This content was archived on 7 Nov 2014.

Use your loaf and save billions

7th November 2013

The average UK household throws away the equivalent of six meals every week*, costing us as a nation £12.5 billion a year, or almost £60 a month to the average family**, despite a significant drive to reduce food waste a new report reveals. 

The ground-breaking report into UK food waste by WRAP, also reveals that since 2007 we have cut avoidable household food waste by an impressive 21%, which saved cash strapped consumers almost £13 billion***. Yet we still throw away a staggering 4.2 million tonnes (Mt) of household food, which could have been eaten. Almost half of this food goes straight from our fridges or cupboards to the bin and doesn’t even make it onto our dinner plates.

WRAP has also carried out work which shows it could be possible to reduce avoidable household food waste by a further 1.7 million tonnes a year by 2025. Given the financial and environmental benefits of such a reduction to the UK, WRAP’s CEO, Dr Liz Goodwin will today call for a "major combined effort" with retailers, brands, governments and consumers to work together towards a common goal. This could result in the UK halving avoidable food waste by 2025 compared to when we started work on this in 2007, thereby saving consumers and Local Authorities billions of pounds.

The top three foods that Britons are throwing away uneaten include every day essentials: bread, potatoes and milk. The equivalent of a staggering 24 million slices of bread, 5.8 million potatoes and 5.9 million glasses of milk are wasted daily****. Chicken also made the top ten with the equivalent of 86 million chickens thrown away each year, despite being the nation’s favourite meat. Sweet treats like cake make the list too.

Buying more than we need, lack of clarity around storage and labelling and over-estimating portions are just some of the reasons for the waste, reveals WRAP’s pioneering report into the actual waste we generate - Household Food and Drink Waste in the UK 2012 - published today.

The report updates WRAP's 2007 ground-breaking report The Food We Waste which exposed the full scale of the food waste problem for the first time. Detailing what foods are wasted most, how much food is wasted in UK homes, why and how we waste it and how much that waste costs.

But it's not all doom and gloom; the UK has made great progress. The total amount of household food and drink waste has reduced by 1.3Mt to 7Mt since 2007 and avoidable food and drink waste has reduced by 1.1Mt from 5.3Mt to 4.2Mt. However, the rate of reduction has slowed in recent years. The 21% reduction in avoidable food waste is down to millions of consumers doing things differently in the home such as buying the right amounts, storing and freezing foods to keep them fresher for longer and making more use of leftovers.

This has been supported by a number of factors including local authority initiatives and changes to packaging, including clearer date labels by retailers and brands. Consumers are also more aware of how to store and use their food more effectively with advice from Love Food Hate Waste which provides simple yet effective advice, tips and recipes, celebrity chefs, and other consumer campaigns. The increase in food prices has also had an impact.

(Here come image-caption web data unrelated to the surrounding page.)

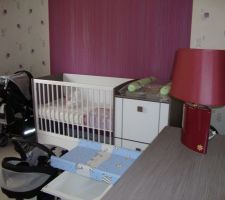 Chambre termin&eacute; ( pose carrelage, tapisserie, peinture plafond )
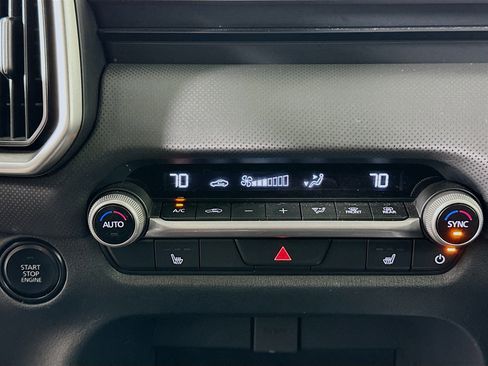 Used 2025 MAZDA CX-50 AWD 2.5 S w/ Premium Package image 23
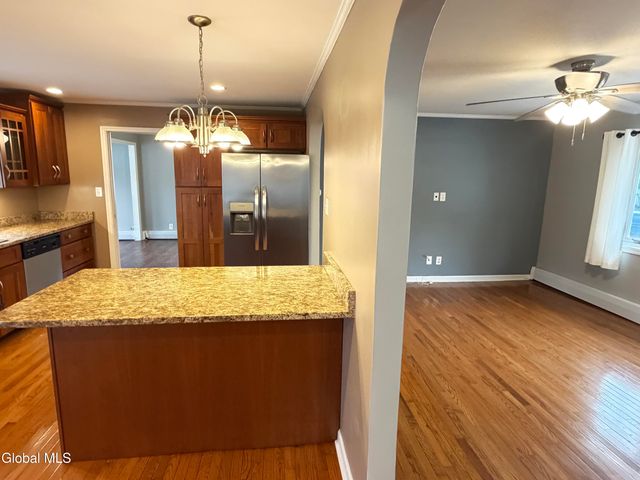 86 Jones Drive, Colonie, NY 12309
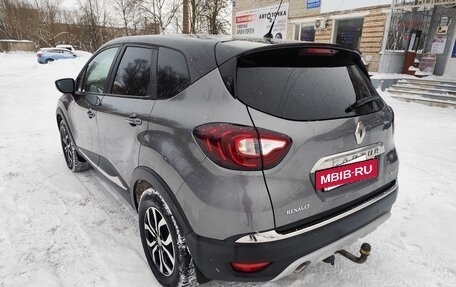 Renault Kaptur I рестайлинг, 2017 год, 1 450 000 рублей, 5 фотография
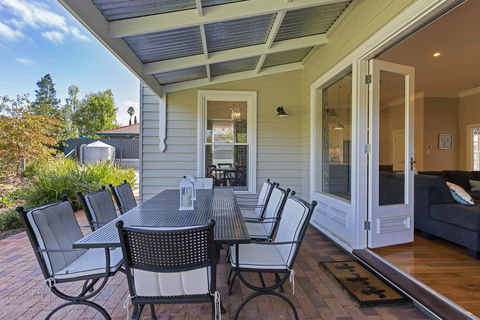 Grandview Accommodation - The Elm Tree Apartments - Accommodation Asia 27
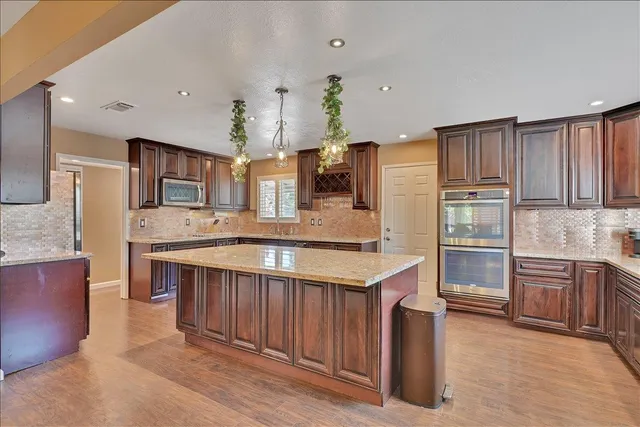 $569,000 | 2255 El Manto Drive, Rancho Cordova, CA 95670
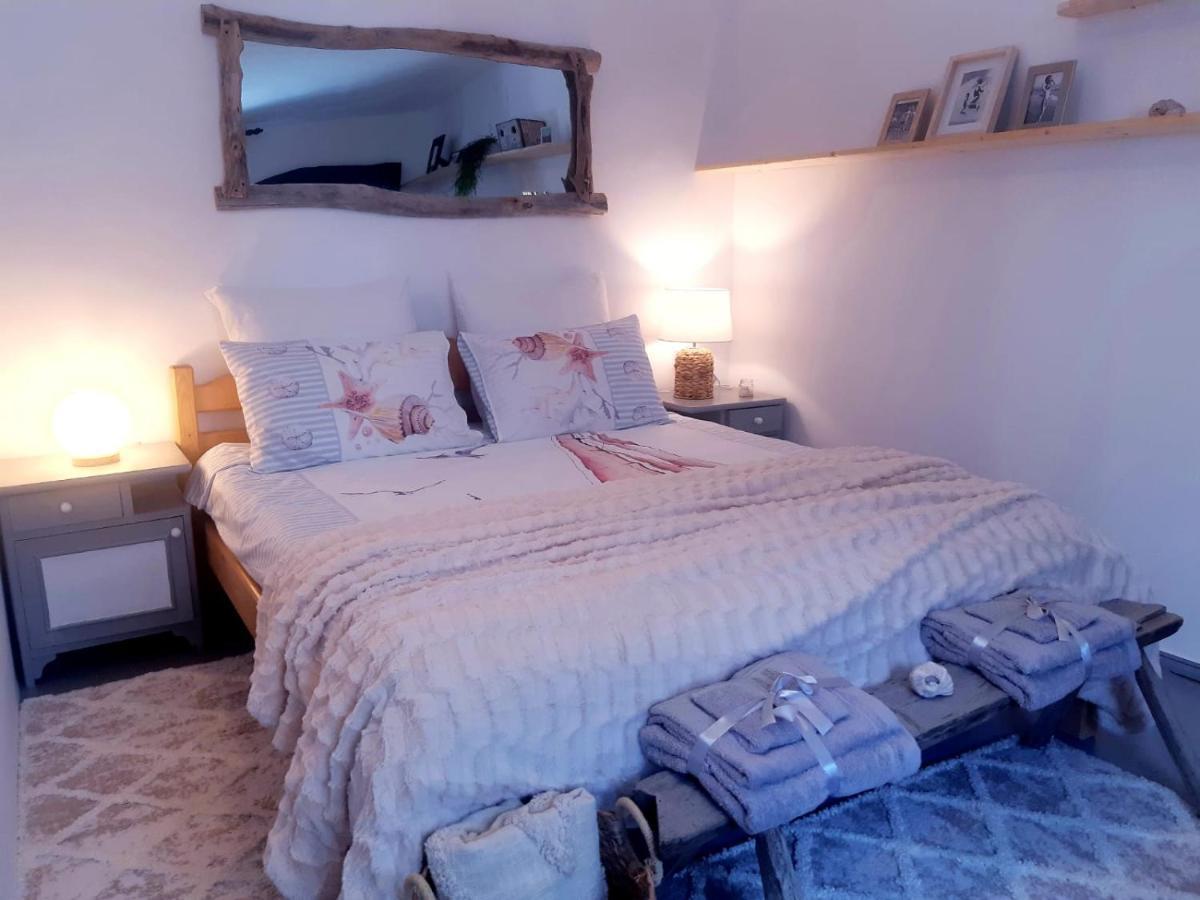 Casa Babica Guesthouse คอสติเนช ภายนอก รูปภาพ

By reducing avoidable food waste by over a fifth, UK householders have saved billions every year with £3.3 billion in 2012 alone, wasting less of their fruit, and home-made and pre-prepared meals than they were before for example. Many of the households WRAP interviewed earlier this year also stated they were making better use of their leftovers than they used to.

Dr Liz Goodwin, WRAP Chief Executive Officer, said: "Consumers are seriously worried about the cost of food and how it has increased over recent years. Yet as WRAP’s research shows, we are still wasting millions of tonnes and billions of pounds.

"The UK is leading the way in tackling food waste and the 21% cut is a terrific achievement by millions of people who have taken action, saved money and helped safeguard our natural resources. However, there is so much more to go for and I believe we should be going for it.

"Research by WRAP shows that if we all make a major combined effort to act now, we can save up to £45 billion*****, by 2025. It won't be easy but what a prize if we achieve it. I commit that food waste will remain a top priority for WRAP and we will be pleased to work with those who share my aspiration."

Dan Rogerson MP Parliamentary Undersecretary of State for Resource Management at Defra said: “Cutting avoidable household food waste by 21 percent is great news but there is still more to do. Everyone has a role to play in reducing food waste and we want to see businesses helping consumers to waste less food.

"Cutting waste and driving business innovation will help to build a stronger economy. We will continue to work closely with food retailers and manufacturers to achieve this goal."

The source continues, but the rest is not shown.